Rodent damage occurred to the sheath of low voltage (LV) cables in the transformer section of a wind turbine packaged substation.
The damage was not immediately remedied because it was collectively understood (including by Senior Authorised Persons who had inspected the damage) that the visible silver-coloured wires, where the sheath had been chewed away by mice, was the wire armour or stranded metallic screen of the cable.
However, it was subsequently identified by an experienced electrical contractor that the visible wires were the exposed conductor and not wire armour.
Where the LV cables were damaged is located in a secure compartment in the packaged substation where access is restricted to authorized persons only. The identification of the hazard happened while other work was being carried out during a grid outage across the whole wind farm – i.e. during a period of electrical isolation. Nobody was harmed as a result of the incident.
WHY IT HAPPENED?
The root cause of the issue was damage caused by mice to the LV cable sheath.
However, the damage and exposed live conductor was allowed to persist due to a mis-understanding as regards the type of cable.
Lessons learned / Findings
After research into the cable specification no evidence was found in the cable specification documents to suggest a wire armour or screen and a close inspection of the actual cable by experienced cable jointers confirmed there to be none.
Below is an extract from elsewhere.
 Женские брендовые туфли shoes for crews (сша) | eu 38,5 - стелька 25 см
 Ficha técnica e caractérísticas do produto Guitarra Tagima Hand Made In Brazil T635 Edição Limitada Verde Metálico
An assumed (false) understanding of the nature of the LV cables was allowed to persist and a lesson learned is that (a) thorough investigation should take place into the specification of cables that are damaged and/or (b) appropriate repairs should be undertaken without delay in any circumstance where a cable sheath is damaged.
As well as introducing anti-rodent measures into the packaged substation, it must be borne in mind that rodents may cause damage to cables and/or other electrical components, so that the insulation could be compromised and an electric shock hazard may exist. Appropriate care must be taken and appropriate isolation(s) applied, before handling any cable and/or component of the electrical system.
General Discussion Point
The electrical contractor who had identified the hazard proposed that a heat-shrink over sheath could be applied to repair the damaged cable sheaths and this was carried out by experienced cable jointers to effect a satisfactory repair. This effectively eliminated the hazard of the exposed conductor.
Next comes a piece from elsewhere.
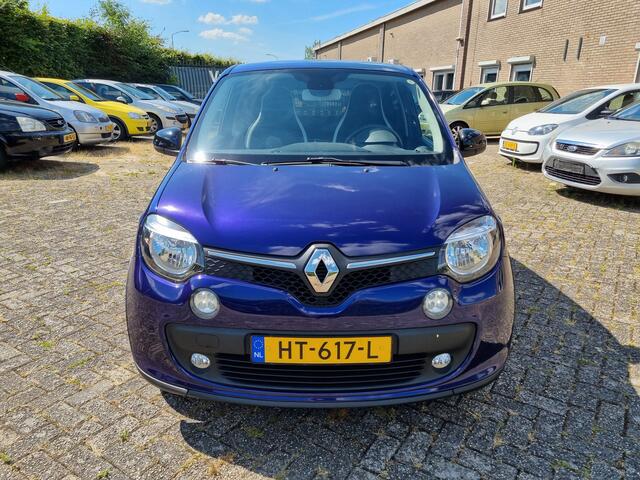 Renault TWINGO 0.9 TCe Série Signature VIVA 90PK! ?ZEER LEUKE AUTO!!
Note that the area where the LV cables were damaged is located in a secure compartment in the packaged substation where access is restricted to authorized persons only. Nevertheless, as well as an ongoing operational restriction to alert any party carrying out work, warning signs have been placed in all such areas.
In addition, all parties who have had a role in respect of Operational Management, Site Management and/or SAP services at this site who would have been aware of the situation as described herein have been provided with an incident report so that they will have been able to raise awareness within their respective organisations.